Material for this task:

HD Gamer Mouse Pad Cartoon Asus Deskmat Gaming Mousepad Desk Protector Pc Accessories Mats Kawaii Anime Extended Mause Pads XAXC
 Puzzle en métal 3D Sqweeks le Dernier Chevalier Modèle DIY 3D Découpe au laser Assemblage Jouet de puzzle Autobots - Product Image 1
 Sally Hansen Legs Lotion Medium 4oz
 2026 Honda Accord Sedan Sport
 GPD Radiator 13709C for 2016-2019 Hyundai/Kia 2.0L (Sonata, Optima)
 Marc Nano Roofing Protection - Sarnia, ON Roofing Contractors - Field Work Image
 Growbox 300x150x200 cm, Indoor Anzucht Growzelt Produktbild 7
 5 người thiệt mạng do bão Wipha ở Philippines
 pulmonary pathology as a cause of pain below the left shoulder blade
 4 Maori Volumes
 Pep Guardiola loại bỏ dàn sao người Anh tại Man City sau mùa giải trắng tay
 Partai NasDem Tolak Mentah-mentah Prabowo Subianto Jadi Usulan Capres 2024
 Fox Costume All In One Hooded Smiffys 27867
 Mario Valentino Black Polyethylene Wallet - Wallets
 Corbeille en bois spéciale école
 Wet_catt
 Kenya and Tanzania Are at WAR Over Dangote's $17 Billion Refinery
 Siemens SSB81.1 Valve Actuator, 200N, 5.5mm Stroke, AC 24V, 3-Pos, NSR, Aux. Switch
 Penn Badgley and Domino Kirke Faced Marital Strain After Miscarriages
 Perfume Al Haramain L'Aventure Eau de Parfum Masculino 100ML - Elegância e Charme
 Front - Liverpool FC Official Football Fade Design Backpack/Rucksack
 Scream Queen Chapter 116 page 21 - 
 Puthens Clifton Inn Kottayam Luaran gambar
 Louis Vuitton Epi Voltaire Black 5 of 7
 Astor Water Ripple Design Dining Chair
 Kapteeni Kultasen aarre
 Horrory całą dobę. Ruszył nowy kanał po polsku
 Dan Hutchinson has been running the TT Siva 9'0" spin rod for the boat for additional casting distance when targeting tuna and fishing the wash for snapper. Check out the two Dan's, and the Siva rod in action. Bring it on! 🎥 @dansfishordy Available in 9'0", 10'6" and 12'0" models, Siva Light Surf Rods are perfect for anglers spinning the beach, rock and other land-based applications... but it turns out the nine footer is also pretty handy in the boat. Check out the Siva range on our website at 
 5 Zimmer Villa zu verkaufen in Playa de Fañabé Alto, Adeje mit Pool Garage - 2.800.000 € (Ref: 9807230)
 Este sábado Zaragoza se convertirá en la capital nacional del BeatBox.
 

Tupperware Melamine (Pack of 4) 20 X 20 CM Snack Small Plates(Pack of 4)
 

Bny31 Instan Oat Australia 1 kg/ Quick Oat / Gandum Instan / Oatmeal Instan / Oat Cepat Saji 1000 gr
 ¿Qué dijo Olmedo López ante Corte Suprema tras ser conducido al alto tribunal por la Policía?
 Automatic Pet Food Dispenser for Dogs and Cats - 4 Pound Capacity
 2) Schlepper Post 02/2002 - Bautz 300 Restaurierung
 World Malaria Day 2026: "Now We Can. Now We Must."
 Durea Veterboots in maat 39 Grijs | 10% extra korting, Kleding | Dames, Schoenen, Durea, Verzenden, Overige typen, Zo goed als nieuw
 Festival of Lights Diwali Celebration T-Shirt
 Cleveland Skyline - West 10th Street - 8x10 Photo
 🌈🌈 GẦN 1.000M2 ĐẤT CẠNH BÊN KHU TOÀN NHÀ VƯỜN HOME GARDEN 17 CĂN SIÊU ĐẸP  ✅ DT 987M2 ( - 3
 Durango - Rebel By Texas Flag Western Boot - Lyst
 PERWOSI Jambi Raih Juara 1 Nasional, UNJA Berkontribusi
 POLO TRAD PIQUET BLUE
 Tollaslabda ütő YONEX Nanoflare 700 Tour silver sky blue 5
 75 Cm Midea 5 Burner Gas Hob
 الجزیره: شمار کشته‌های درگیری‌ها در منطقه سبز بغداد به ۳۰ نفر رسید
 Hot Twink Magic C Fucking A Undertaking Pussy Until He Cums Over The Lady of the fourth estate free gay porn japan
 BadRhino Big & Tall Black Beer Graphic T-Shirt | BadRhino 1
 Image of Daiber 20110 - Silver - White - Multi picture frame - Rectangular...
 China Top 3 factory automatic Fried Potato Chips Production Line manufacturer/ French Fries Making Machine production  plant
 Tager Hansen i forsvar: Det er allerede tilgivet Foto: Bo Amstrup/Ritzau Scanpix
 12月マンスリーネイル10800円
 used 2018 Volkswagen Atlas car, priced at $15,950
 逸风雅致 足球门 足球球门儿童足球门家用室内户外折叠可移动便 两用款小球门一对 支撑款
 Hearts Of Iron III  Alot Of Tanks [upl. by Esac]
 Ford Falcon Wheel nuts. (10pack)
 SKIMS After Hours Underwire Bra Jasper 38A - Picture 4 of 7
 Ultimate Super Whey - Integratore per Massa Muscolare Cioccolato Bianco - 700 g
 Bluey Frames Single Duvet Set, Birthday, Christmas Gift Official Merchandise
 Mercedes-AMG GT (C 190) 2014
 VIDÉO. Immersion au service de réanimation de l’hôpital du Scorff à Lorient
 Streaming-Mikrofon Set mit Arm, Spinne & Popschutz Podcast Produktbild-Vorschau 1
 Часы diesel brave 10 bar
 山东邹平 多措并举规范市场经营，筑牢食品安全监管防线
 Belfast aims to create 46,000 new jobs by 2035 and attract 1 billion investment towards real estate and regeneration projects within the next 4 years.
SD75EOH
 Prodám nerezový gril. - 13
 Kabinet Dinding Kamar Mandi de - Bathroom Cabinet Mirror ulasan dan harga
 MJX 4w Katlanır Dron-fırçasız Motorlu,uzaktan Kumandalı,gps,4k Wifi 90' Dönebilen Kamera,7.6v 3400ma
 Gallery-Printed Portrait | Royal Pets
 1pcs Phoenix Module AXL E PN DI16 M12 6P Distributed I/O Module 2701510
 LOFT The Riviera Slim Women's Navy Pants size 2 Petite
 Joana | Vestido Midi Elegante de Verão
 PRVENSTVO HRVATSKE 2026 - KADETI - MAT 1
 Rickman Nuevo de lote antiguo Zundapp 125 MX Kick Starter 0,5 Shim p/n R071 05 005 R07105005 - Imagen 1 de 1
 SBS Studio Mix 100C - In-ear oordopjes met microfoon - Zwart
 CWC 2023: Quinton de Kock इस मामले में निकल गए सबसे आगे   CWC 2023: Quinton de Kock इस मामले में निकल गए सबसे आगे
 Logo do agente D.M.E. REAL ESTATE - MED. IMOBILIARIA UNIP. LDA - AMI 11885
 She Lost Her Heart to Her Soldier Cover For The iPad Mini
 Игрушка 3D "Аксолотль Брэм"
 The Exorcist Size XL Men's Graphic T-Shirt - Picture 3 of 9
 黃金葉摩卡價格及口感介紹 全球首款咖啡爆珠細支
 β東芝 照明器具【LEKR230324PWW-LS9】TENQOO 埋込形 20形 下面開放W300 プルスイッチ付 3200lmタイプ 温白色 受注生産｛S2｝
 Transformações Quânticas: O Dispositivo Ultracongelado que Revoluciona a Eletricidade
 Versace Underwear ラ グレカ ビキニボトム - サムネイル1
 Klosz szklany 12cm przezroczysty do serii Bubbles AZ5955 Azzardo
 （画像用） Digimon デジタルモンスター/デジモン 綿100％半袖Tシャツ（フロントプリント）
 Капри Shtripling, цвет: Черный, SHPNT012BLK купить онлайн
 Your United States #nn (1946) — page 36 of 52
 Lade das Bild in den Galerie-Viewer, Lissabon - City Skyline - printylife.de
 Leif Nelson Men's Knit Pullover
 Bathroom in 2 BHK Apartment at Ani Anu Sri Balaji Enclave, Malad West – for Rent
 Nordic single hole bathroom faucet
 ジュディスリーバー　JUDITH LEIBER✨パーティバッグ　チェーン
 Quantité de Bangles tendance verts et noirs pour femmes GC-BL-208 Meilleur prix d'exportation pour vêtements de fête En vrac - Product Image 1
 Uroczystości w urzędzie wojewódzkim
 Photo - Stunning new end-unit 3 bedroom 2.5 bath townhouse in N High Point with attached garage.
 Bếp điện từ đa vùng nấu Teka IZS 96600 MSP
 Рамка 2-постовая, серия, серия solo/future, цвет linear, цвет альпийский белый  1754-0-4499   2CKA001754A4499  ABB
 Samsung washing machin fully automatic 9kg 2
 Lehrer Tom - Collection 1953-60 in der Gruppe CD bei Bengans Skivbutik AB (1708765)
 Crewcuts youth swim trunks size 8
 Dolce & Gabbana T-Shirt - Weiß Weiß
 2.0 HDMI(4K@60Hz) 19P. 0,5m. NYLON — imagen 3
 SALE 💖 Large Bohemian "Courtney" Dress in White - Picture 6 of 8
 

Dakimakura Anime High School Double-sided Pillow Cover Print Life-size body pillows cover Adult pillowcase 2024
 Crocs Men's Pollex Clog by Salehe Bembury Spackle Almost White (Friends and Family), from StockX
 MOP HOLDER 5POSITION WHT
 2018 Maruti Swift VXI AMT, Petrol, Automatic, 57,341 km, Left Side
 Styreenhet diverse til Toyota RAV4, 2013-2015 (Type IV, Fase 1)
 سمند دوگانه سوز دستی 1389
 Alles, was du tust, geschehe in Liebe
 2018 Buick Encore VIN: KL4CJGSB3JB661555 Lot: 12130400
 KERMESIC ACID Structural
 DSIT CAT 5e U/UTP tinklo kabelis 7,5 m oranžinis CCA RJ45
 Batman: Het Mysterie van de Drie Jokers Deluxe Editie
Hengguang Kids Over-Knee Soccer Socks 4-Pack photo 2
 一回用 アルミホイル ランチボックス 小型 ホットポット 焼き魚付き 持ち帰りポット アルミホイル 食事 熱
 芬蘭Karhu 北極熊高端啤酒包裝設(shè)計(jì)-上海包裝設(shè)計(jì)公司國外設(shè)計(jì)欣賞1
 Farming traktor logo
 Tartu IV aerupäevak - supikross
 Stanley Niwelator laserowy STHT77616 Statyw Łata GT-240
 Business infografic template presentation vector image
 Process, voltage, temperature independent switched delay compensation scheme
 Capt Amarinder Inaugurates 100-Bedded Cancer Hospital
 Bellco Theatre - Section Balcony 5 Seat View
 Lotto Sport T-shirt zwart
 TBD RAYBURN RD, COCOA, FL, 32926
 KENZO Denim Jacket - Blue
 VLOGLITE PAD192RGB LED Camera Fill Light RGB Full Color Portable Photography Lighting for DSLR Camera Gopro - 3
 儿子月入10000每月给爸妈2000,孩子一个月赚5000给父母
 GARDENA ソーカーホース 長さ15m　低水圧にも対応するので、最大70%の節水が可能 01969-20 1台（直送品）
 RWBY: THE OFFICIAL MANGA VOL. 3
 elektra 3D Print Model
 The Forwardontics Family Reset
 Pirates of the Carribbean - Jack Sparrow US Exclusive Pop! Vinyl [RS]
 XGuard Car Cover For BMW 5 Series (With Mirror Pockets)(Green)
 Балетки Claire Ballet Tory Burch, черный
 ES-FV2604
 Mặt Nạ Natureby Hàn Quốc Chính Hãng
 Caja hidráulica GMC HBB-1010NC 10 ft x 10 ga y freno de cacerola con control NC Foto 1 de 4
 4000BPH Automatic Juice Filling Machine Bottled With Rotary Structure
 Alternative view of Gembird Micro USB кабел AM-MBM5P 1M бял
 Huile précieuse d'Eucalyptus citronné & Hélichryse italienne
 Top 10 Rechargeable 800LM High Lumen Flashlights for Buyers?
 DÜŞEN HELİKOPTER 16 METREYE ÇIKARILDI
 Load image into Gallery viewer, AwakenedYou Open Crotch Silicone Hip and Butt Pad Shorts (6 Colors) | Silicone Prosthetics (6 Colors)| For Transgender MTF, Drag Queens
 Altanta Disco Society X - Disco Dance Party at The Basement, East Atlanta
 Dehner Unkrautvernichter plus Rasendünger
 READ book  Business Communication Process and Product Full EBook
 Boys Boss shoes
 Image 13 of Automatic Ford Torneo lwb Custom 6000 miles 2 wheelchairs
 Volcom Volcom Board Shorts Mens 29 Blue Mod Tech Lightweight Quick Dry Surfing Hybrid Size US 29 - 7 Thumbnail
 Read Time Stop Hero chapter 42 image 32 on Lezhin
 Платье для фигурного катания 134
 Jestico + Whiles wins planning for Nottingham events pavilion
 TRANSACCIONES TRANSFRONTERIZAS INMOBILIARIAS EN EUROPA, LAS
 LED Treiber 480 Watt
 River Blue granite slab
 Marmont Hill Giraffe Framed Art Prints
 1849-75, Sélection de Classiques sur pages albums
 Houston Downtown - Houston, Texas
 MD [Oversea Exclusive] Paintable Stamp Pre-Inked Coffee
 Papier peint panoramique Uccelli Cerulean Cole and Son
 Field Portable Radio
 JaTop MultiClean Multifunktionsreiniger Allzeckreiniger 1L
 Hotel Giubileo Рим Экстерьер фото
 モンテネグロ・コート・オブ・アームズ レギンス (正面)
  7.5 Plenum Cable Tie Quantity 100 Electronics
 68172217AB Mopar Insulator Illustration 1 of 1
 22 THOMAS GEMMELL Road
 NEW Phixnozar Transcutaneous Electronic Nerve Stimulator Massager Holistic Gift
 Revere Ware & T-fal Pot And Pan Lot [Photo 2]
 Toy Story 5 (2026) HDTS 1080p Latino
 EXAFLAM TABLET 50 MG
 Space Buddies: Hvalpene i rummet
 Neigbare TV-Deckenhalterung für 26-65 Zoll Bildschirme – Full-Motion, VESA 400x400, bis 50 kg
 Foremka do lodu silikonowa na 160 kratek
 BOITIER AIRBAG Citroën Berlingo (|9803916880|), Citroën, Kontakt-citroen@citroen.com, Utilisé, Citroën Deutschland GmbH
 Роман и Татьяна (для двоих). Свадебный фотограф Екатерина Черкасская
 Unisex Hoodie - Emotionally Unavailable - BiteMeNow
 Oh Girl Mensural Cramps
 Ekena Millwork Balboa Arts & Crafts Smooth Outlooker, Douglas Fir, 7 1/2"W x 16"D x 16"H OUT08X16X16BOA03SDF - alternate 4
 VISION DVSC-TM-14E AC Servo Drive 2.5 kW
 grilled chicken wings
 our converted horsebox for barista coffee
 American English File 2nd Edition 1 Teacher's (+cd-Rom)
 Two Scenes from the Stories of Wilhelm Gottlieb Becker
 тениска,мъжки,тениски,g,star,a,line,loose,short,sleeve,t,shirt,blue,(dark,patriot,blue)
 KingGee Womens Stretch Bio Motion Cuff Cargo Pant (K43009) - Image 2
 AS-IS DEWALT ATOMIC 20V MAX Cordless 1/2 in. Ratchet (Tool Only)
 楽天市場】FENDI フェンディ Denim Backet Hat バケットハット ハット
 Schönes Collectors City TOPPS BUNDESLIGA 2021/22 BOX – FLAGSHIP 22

What to work on: Restate verbatim the first line above and all lines after it through the line containing "Marc Nano Roofing"; omit the rest.

Result of this exercise:
HD Gamer Mouse Pad Cartoon Asus Deskmat Gaming Mousepad Desk Protector Pc Accessories Mats Kawaii Anime Extended Mause Pads XAXC
 Puzzle en métal 3D Sqweeks le Dernier Chevalier Modèle DIY 3D Découpe au laser Assemblage Jouet de puzzle Autobots - Product Image 1
 Sally Hansen Legs Lotion Medium 4oz
 2026 Honda Accord Sedan Sport
 GPD Radiator 13709C for 2016-2019 Hyundai/Kia 2.0L (Sonata, Optima)
 Marc Nano Roofing Protection - Sarnia, ON Roofing Contractors - Field Work Image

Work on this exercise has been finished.